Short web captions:
#####
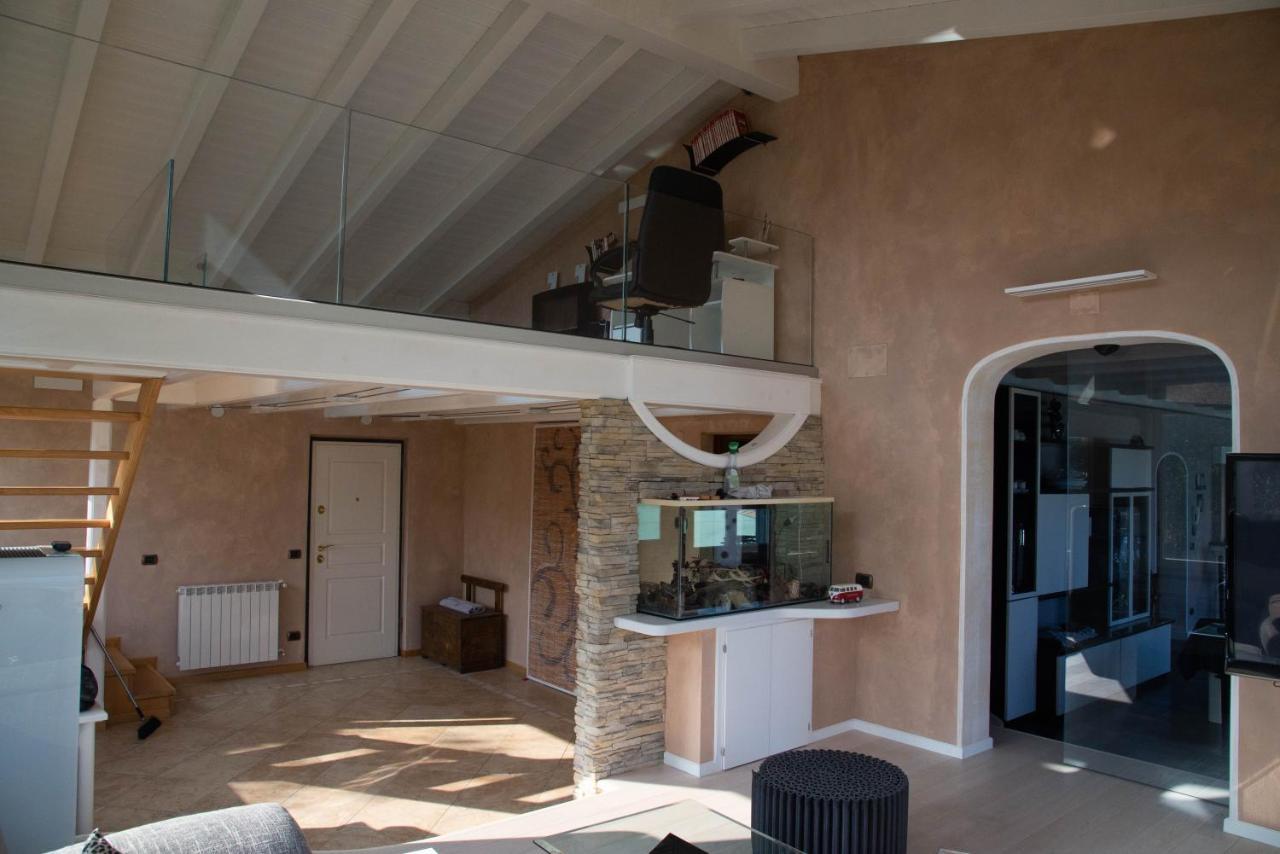Guesthouse at Villa degli olivi Limone sul Garda Esterno foto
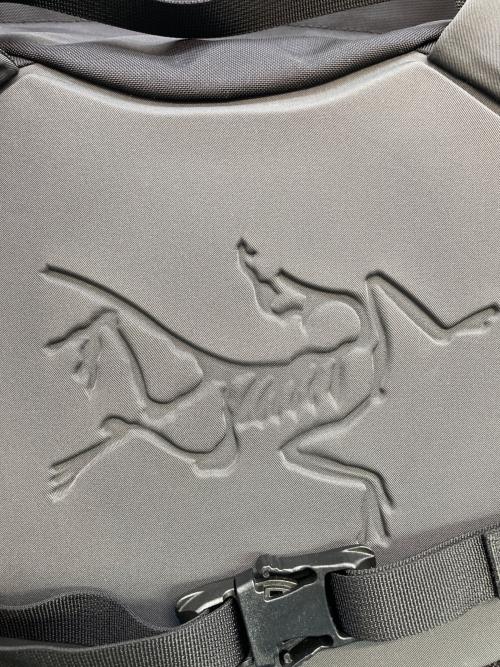 ARC'TERYX（アークテリクス）ARC'TERYX (アークテリクス) ショルダーバッグ ブラックの古着・服飾アイテム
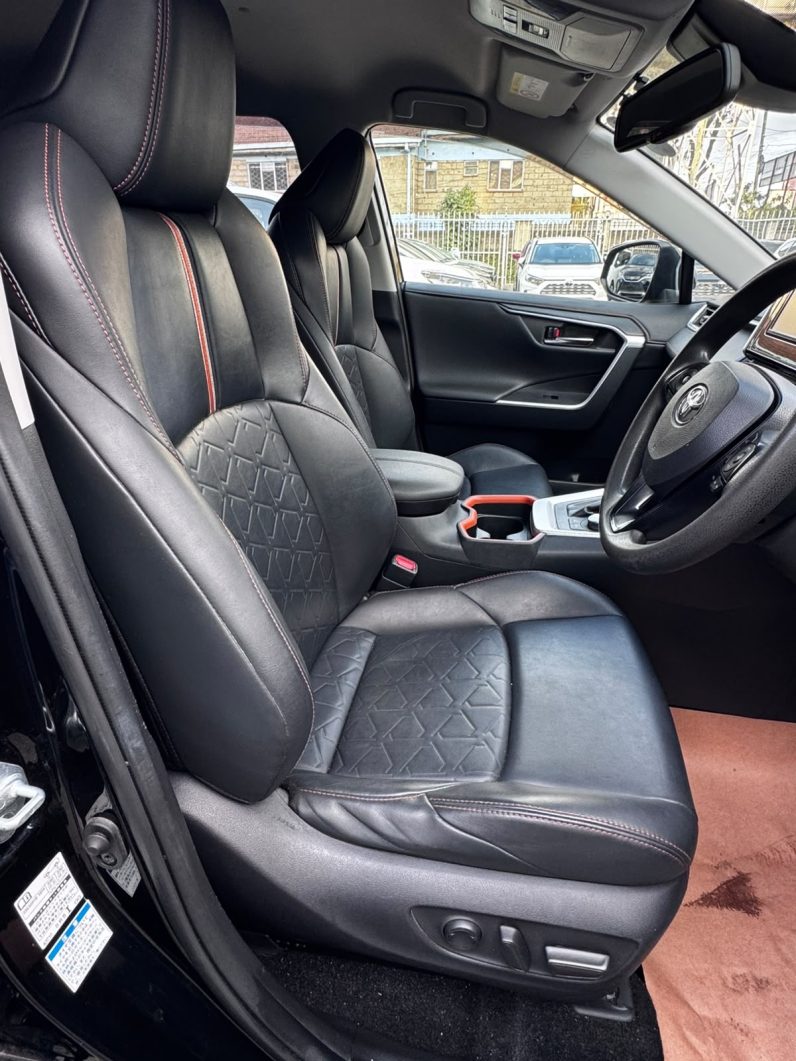 
								Toyota RAV4 full									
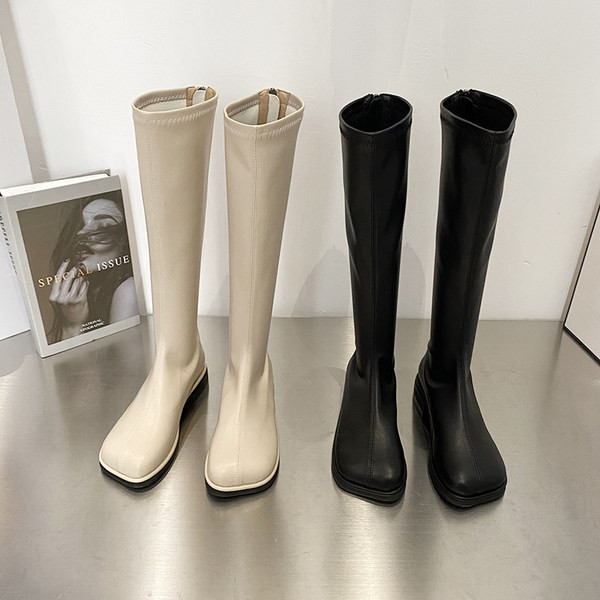 Naiste lameda tallaga nahast saapad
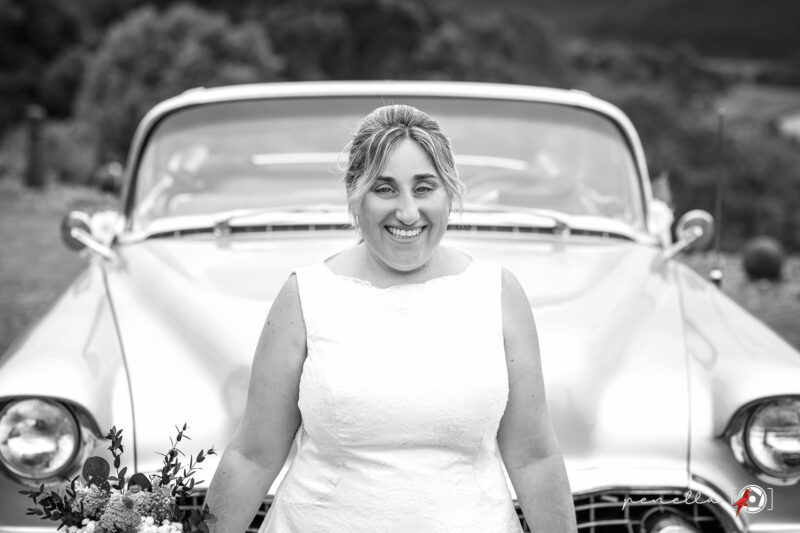 retrato de la novia con su cadillac de fondo del fotógrafo de bodas Penella Fotografía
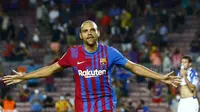 Penyerang Barcelona, Martin Braithwaite berselebrasi usai mencetak gol ke gawang Real Sociedad pada pertandingan La Liga Spanyol di stadion Camp Nou di Barcelona, Spanyol, Senin (16/8/2021). Braithwaite mencetak dua gol dan mengantar Barcelona menang atas Sociedad 4-2.  (AP Photo/Joan Monfort)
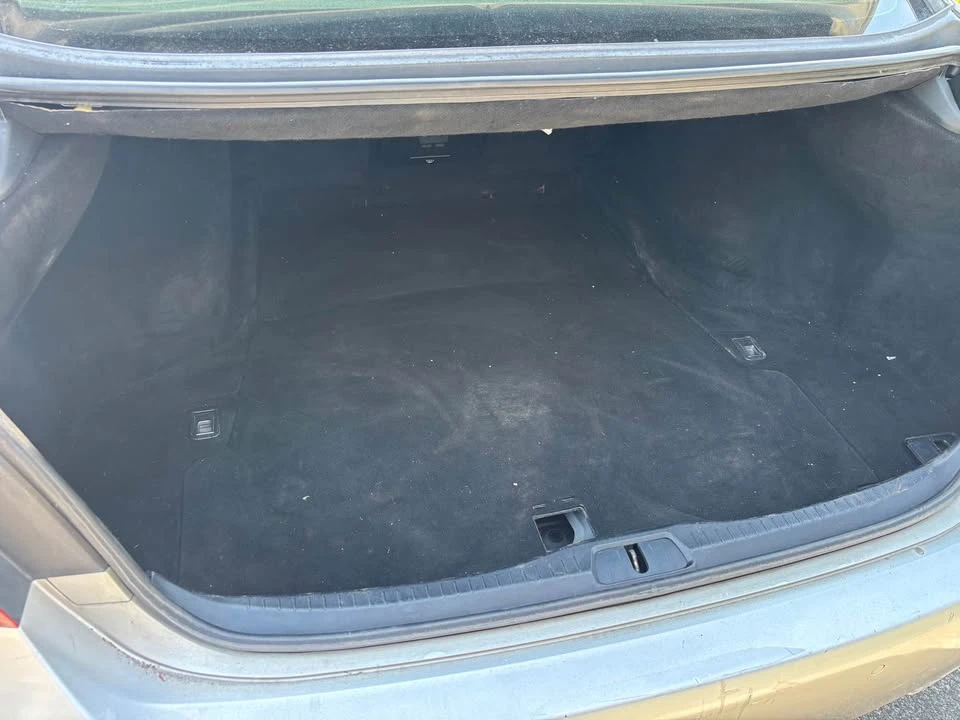 2007 Lexus LS 4th Gen - Image 17 of 20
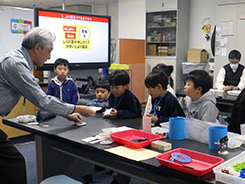 かがく工作室の風景画像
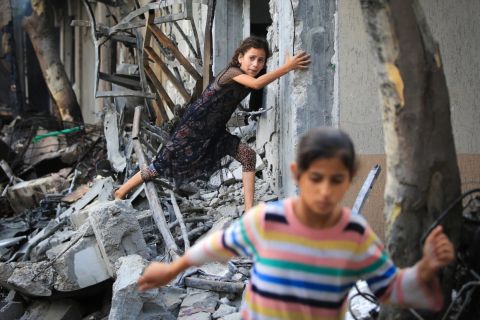 الكارثة الإنسانية مستمرة في غزة.. 32 وفاة بـ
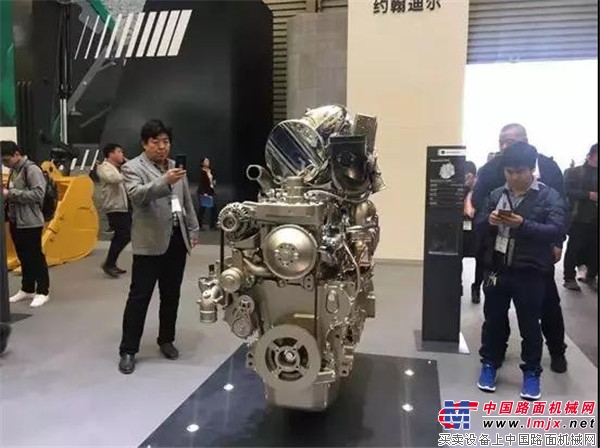 ?贏戰(zhàn)中國市場！約翰迪爾出色表態(tài)2018上海寶馬展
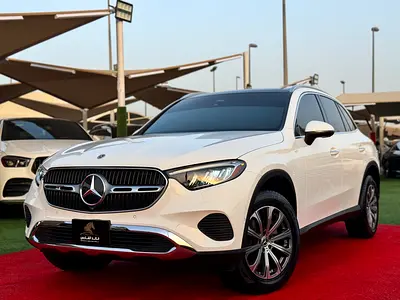 مرسيدس بنز GLC 300 4MATIC 2024 بحالة الزيرووو وسعر عرض ممتاز.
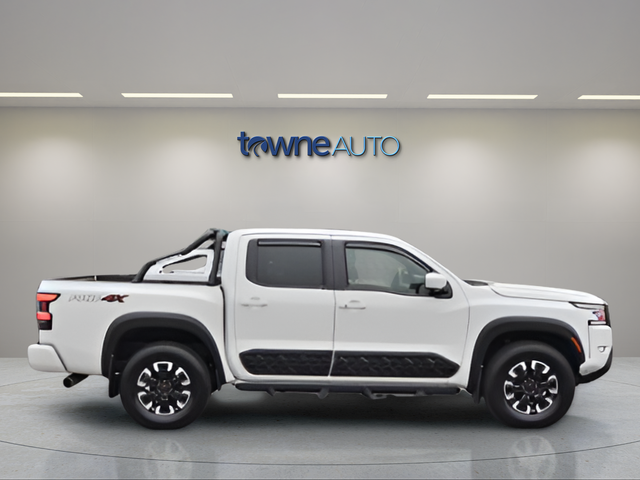 Used 2023 White Nissan PRO-4X image 10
#####
» YOUR GOAL: All records, pictures excluded: copy them exactly.

» WRITTEN SOLUTION:
Guesthouse at Villa degli olivi Limone sul Garda Esterno foto
 ARC'TERYX（アークテリクス）ARC'TERYX (アークテリクス) ショルダーバッグ ブラックの古着・服飾アイテム
								Toyota RAV4 full									
 Naiste lameda tallaga nahast saapad
 retrato de la novia con su cadillac de fondo del fotógrafo de bodas Penella Fotografía
 Penyerang Barcelona, Martin Braithwaite berselebrasi usai mencetak gol ke gawang Real Sociedad pada pertandingan La Liga Spanyol di stadion Camp Nou di Barcelona, Spanyol, Senin (16/8/2021). Braithwaite mencetak dua gol dan mengantar Barcelona menang atas Sociedad 4-2.  (AP Photo/Joan Monfort)
 2007 Lexus LS 4th Gen - Image 17 of 20
 かがく工作室の風景画像
 الكارثة الإنسانية مستمرة في غزة.. 32 وفاة بـ
 ?贏戰(zhàn)中國市場！約翰迪爾出色表態(tài)2018上海寶馬展
 مرسيدس بنز GLC 300 4MATIC 2024 بحالة الزيرووو وسعر عرض ممتاز.
 Used 2023 White Nissan PRO-4X image 10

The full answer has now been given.